Bardic Lore: Into the Wild

by Rose Quill


Exploration, prt one

I decided I hated camping.

That’s not true. I hated camping alone. Goldie had taken me several times, but had never gotten around to teaching me how to make a campfire. The tent and bedroll I had kept a bit of warmth in by keeping the wind at bay, but that was about all I could claim.

After a few hours of tossing and turning, I finally growled and got up. It was clear I was probably never going to get any more sleep tonight and I began to break camp. I looked up at the moon, hearing a soft voice in my mind.

”As punishment, she was locked into the moon, and her threat was eliminated.”

“That’s not how you said it happened last time!”

“Oh, and you are just so sure, sprout?”

“Yes!”

“Well, then, maybe you’d like to tell it from now on?”

I felt a tear slide down my cheek. “But I like it when you tell them.”

It took a few minutes for me to get my emotions back under control. I pulled the vest tightly around me against the chill of the predawn air and packed up the tent. My steps were slow and shuffling, but determined. There was a place where I wouldn’t think of her every waking minute, I was sure of it.

I just had to find it.


I found something, all right, but it wasn’t a place to live. Rather, it was a very inhospitable place.

I looked down over the edge of the ravine, the ropes from the tattered reamins of a rope bridge swaying in the wind. The majority of it was across the way, the rough slats barely visible through the haze of distance. I tried to get a grip on them, but my magic wasn’t strong enough. I saw my cerulean aura coat them, but the strain was too great.

I blew my bangs out of my face and plopped down. The map in Goldie’s pack was wildly out of date as far as the printed date, nearly by twenty years, but surely land didn’t change that much, right?

I pulled the map out and located the ravine. It was nearly to the edge of the map, but it showed a few small towns another few days worth of travel beyond the ridge line. If I was reading this correctly - and it was one of the first things I was taught how to do on our camping trips - only a few leagues northward the ravine would close off. The southern end wasn’t included on this map, so I decided to make my way north.

The trek offered me time to reflect on things, lessons taught both by word of mouth and hard practical experience. What sorts of plant life was safe to eat, how to navigate by sun or star, how to choose a campsite and pitch a tent.

“Everything but how to build a fire without matches,” I muttered as I rounded a boulder.The ground was getting rocky, only a few scraggly patches of crabgrass here and there. The landscape was getting bland, dull, and ugly.

And yet, I was feeling something underneath the lingering sorrow and annoyance at the detour. An exhilaration that I had never felt before, even when flying with Golden Ring. I was out among the world, no longer shackled by the rules of a town or the fact that I was a blank flank keeping me from doing whatever I wanted.

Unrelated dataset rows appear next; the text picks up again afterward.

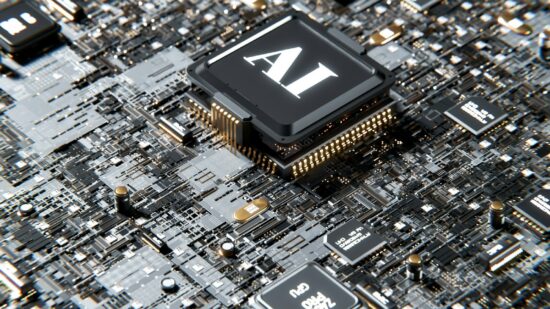 3D render of AI and GPU processors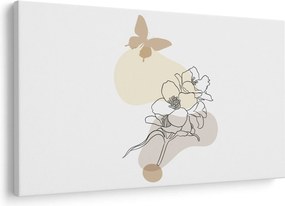 Tablou - Flori bej cu fluture N⁰3 (90x60 cm)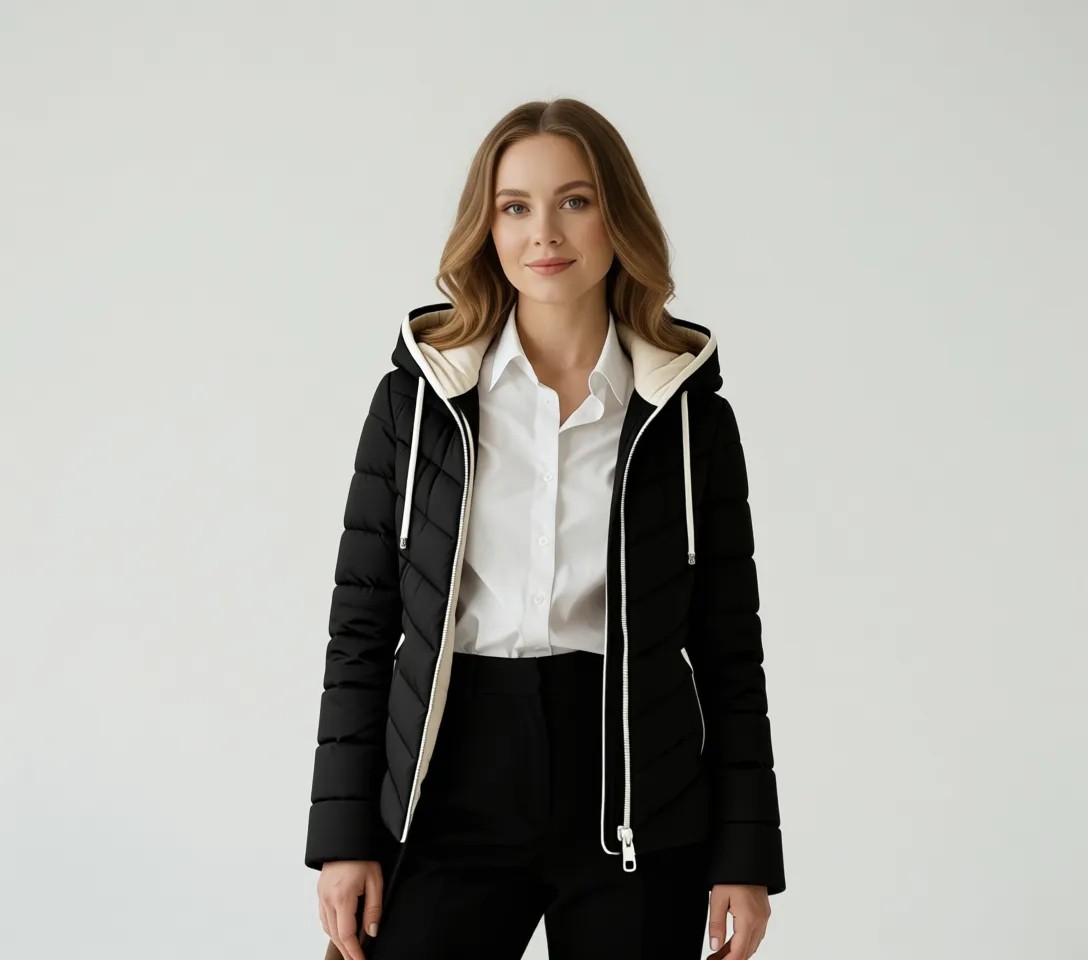 Barbora Kadın Kapüşonlu Kışlık Şişme Mont Polyester Malzeme ile Standart Kalıp Siyah görsel 7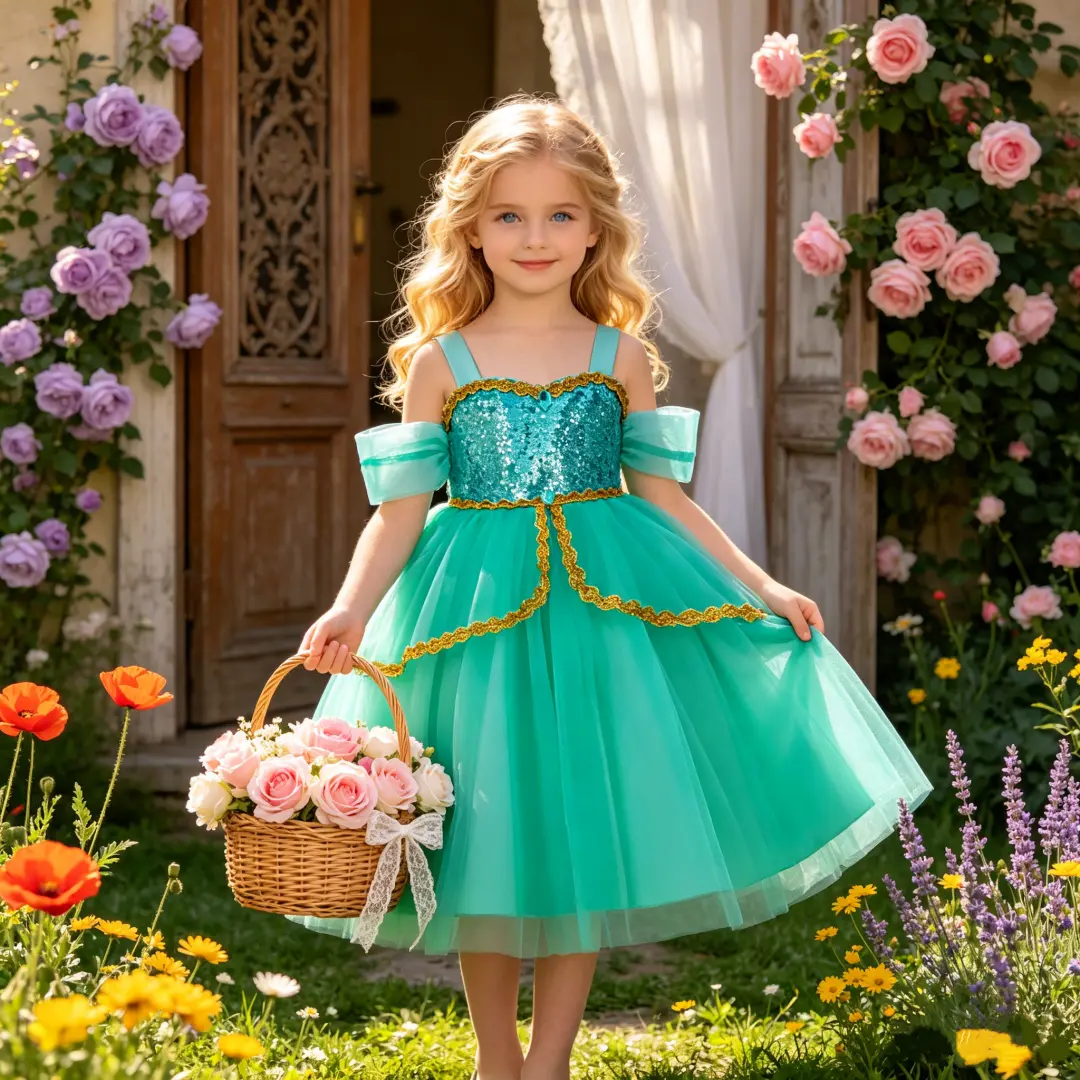 99 Girls' Princess Jasmine Costume Performance Outfit Children's Dancewear Girls' Princess Dress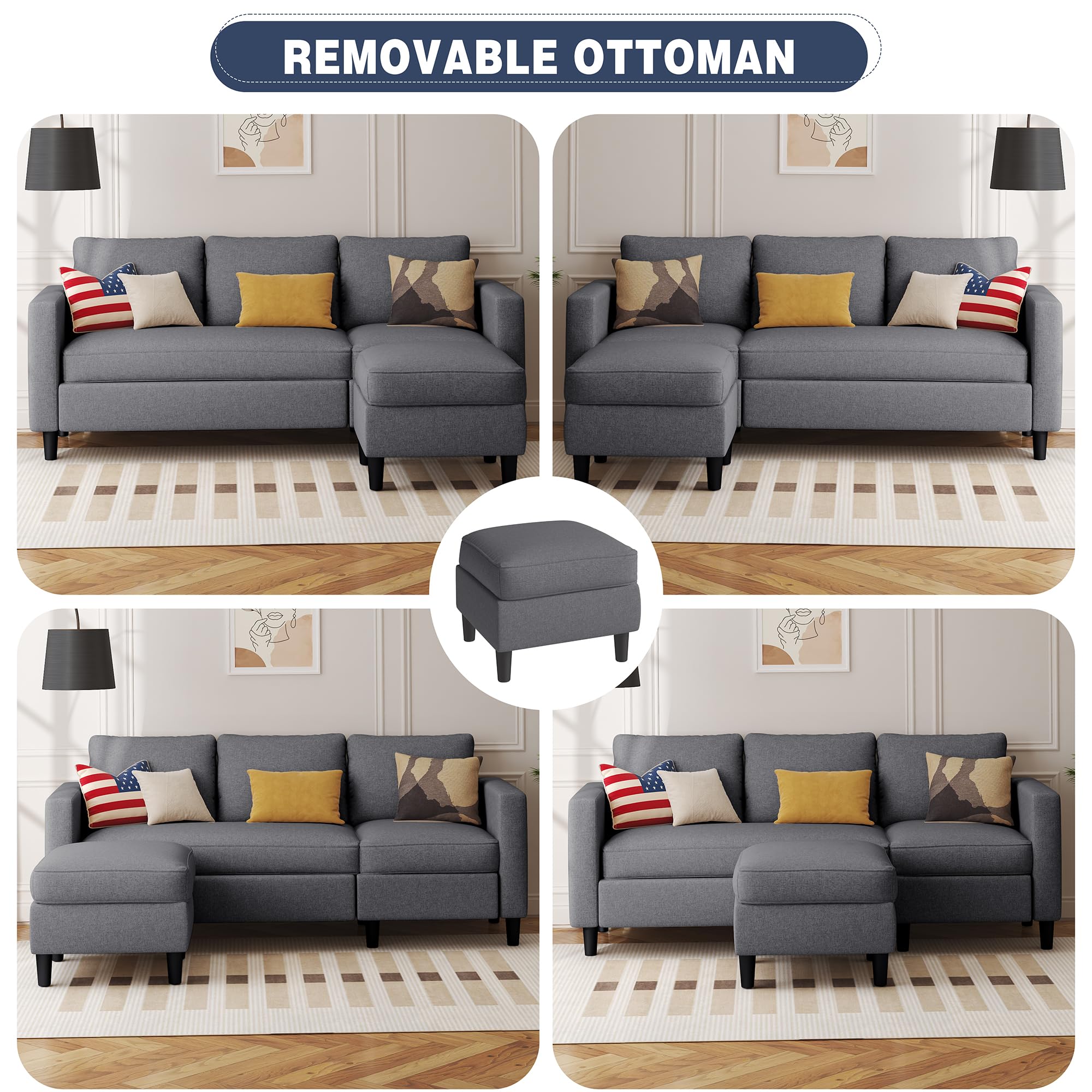 Small Dark Grey Sectional Sofa with Ottoman, Fabric Upholstered 3-Seater Convertible Couch for Apartment, Office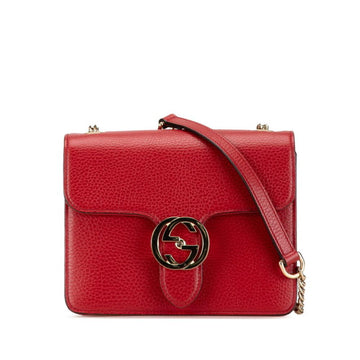 Red Leather Gucci Shoulder Bag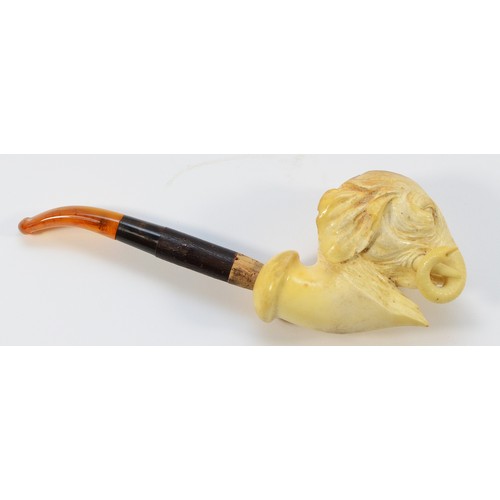 245 - An early 20th century meerschaum smoking pipe, having carved bowl in the form of an elephants head, ... 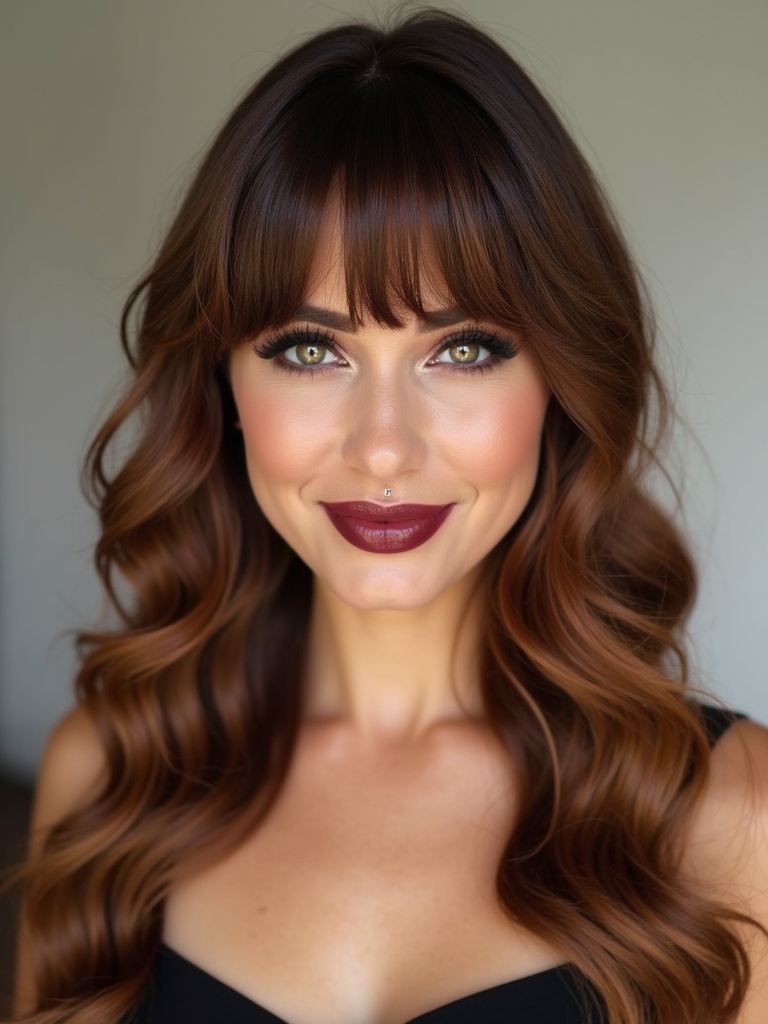 wavy mid length curtain bangs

I held my head high as a breeze blew through, turning slightly to keep my mane out of my face. Even though my hooves were firmly on the ground, I felt like I could do anything. Once the ground cleared of loose debris, I broke into a trot, excited to see what was over the hill.

A smile broke across my face, and my trot turned into a canter, a wild whoop flying from my lips. Grass, clay, and weeds whipped by under my hooves as I sped up even more, and I felt a few strands get caught in my coat and tail. I crested a small hillock and saw a wide plain spread out below me, the wind making the grass billow like green waves. I saw a small speck in the middle, what vaguely looked like a building of some sort.

I pulled my map out and scanned the area, and there was no indication of what that building may be. Which meant it was either more than twenty years old or had been set up in the interim, and I was curious as to find out which it was.

I took off down the hill, and if somepony else had beheld me in that moment, I’m sure the gleam of excitement might have been brightly in my eyes.